Warface: Soll free-to-play Vorurteile vergessen machen

Executive Producer Joshua Howard sprach mit Polygon über seine Hoffnungen für Warface. Der Shooter soll Spieler mit seiner Qualität dabei endgültig vom free-to-play Modell überzeugen. Dabei sei es wichtig, dass man sich in erster Linie auf das eigentliche Spiel konzentriert und nicht das dahinterstehende Geschäftsmodell.

“Wenn man ein qualitativ hochwertiges Spielerlebnis abliefern kann, dann hilft man den Usern dabei, die Vorurteile gegenüber free-to-play zu vergessen. Vielleicht denken sie dann ‘Es ist ein Crytek Spiel, es sieht wirklich toll aus und es spielt sich gut. Und man kann leicht einsteigen. Ich probiere es mal aus’ “.
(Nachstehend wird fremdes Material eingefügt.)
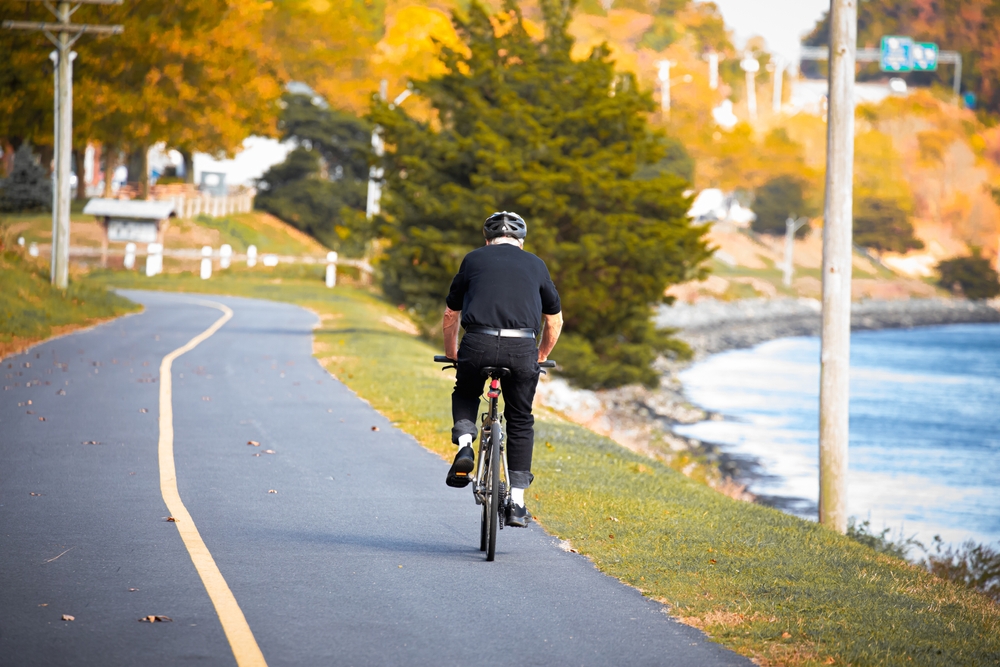 A man riding down a bike trail on Cape Cod in October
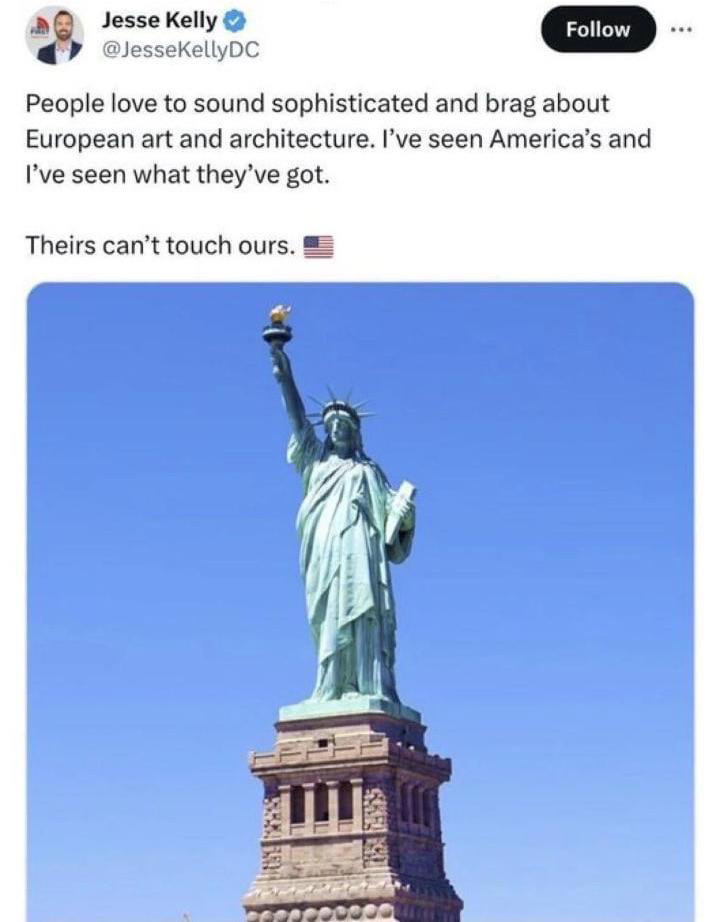 Tweet by Jesse Kelly featuring an image of the Statue of Liberty against a clear blue sky. The caption praises American art and architecture, suggesting it surpasses European counterparts. The post includes an American flag emoji.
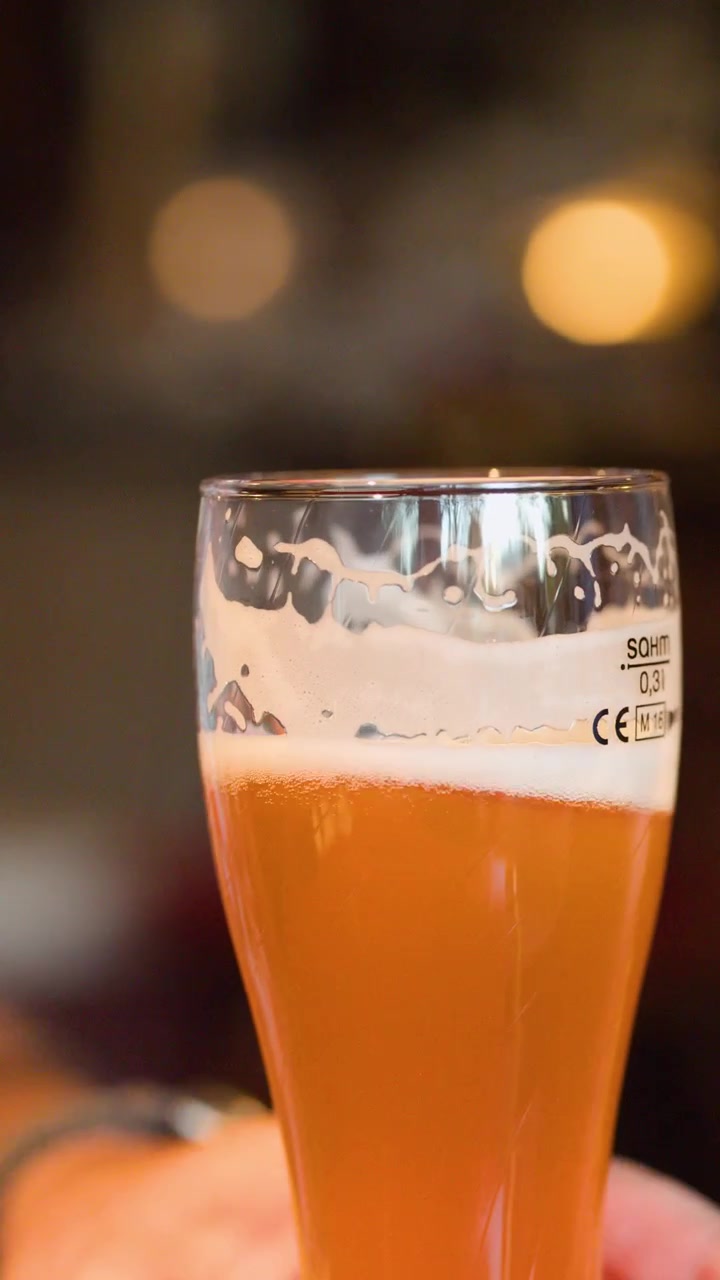 Una mano solleva una pinta di birra artigianale ambrata in un brewpub di Berlino illuminato calorosamente, profondità di campo ridotta.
Bei der Konzeption des Spiels war free-to-play auch gar kein Thema, vielmehr sollte sich das Team auf die Gameplay-Features konzentrieren. “Macht uns ein großartiges Spiel und dann schauen wir uns das Produkt an und entscheiden, was Sinn ergeben könnte”, lautete Howard zufolge die Aufgabe für die Entwickler von Warface.